PROTRADER: The Watchtower 2/26/18

By: Travis Allen
@wizardbumpin


Don’t miss this week’s installment of the MTG Fast Finance podcast, an on-topic, no-nonsense tour through the week’s most important changes in the Magic economy. And if you enjoy playing Magic, make sure to visit https://scry.land to find PPTQs, SCG Opens, and more events on an interactive map with worldwide coverage. Find Magic near you today.


With a wide variety of decks in the top 8 and top 32 of GP Memphis, Standard is looking healthy for the first time in awhile. Players seem overall pleased and excited for the format after having spent nine of the last twelve months griping about it. Add in the newly spoiled Challenger decks which seek to put tier 2ish prebuilt lists into the hands of players for $30, and FNM is sounding even better.
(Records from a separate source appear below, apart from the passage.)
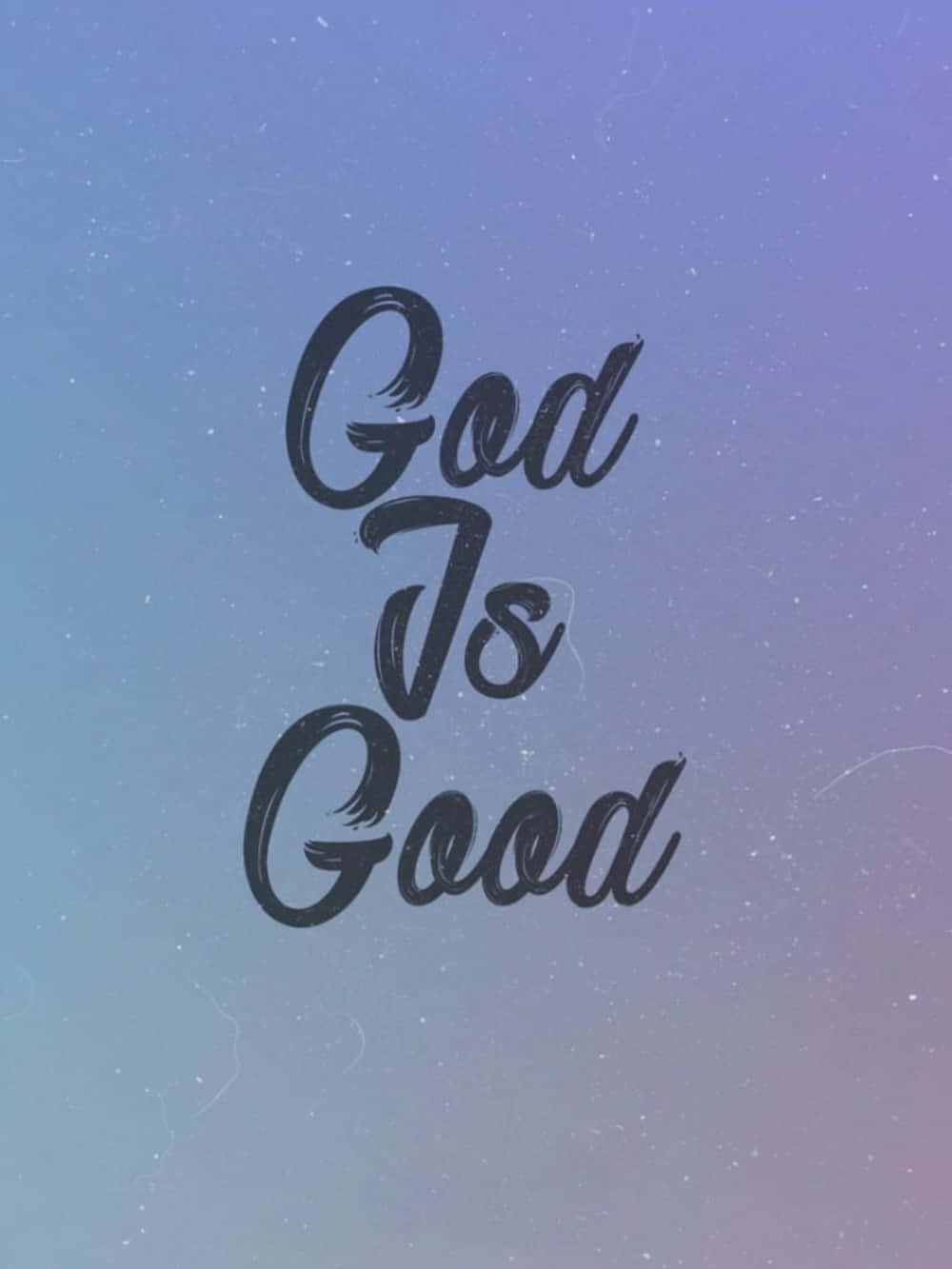 Gradient Purple God Is Good In Cursive Font Wallpaper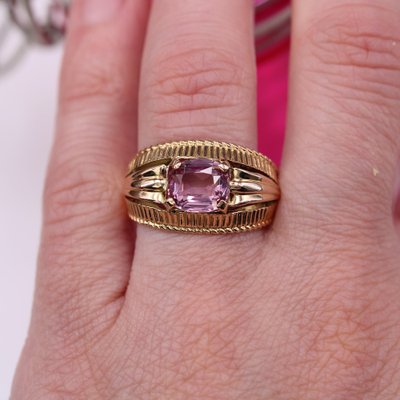 18 Karat Yellow Gold Band Ring with Malaya Garnet, 1960s-OLU-1781017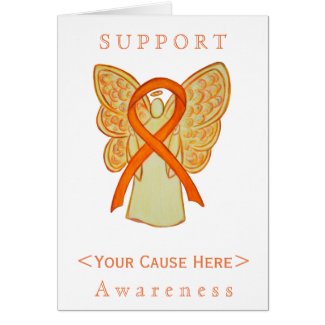 Orange Awareness Ribbon Angel Customized Card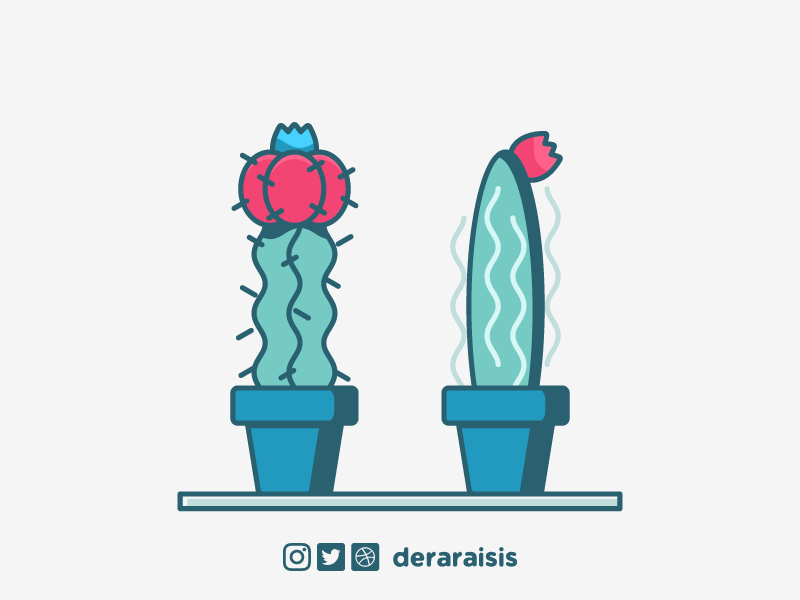2 Lonely Cacti depressed lonely thorn succulents succulent potted plant flower green red blue plant cacti cactus wallpaper design design wallpaper vector minimal vector art illustration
Of course none of this matters for us, since the Standard markets are going to be dead until October. Challenger decks have laid to rest any chance you may have had to cash out on soon-to-rotate staples, and with the summer lull creeping ever closer, it’s just not where you want to be for now. We’ll start thinking about it again in July or August, when prices are at their low and we can start looking for Ixalan pickups heading into rotation. It will be the first Standard without Masterpieces since Battle for Zendikar three years ago, so hopefully card prices will have a little more bounce in them.

Flameblade Adept (Foil)

Price Today: $3
Possible Price: $7

Jace and Bloodbraid are making their presence felt in Modern. Neither has dominated the format yet, but they’re certainly both key cards doing a lot of work. They’re certain to shape what strategies are viable in the coming months, and it will be hard to play a midrange deck that doesn’t include one of these cards by June.

One strategy that’s always done just fine in spite of these cards is dredge, or dredge-like builds. They tend to be immune to the discard/removal grinding of Jund, since there’s usually a way to bring all your creatures back repeatedly from the graveyard, annihilating their card advantage. Jace decks also typically lack the tools to meaningfully interact, and all the Delays and Mana Leaks in the world won’t stop three Bloodghasts from coming back for the fifth time from a land drop.

Modern’s current dredge deck of choice is BR Hollow One. It looked a little flash-in-the-pany when it was first rolled out, but continued success has proven it’s the real deal. It has a few cards new to the Modern stage, and Flameblade Adept is one of them. Admittedly it’s not going to do a lot of work in other strategies, but here, it’s a one mana 1/2 that’s capable of swinging for five or six nearly unblockable damage on like, turn two.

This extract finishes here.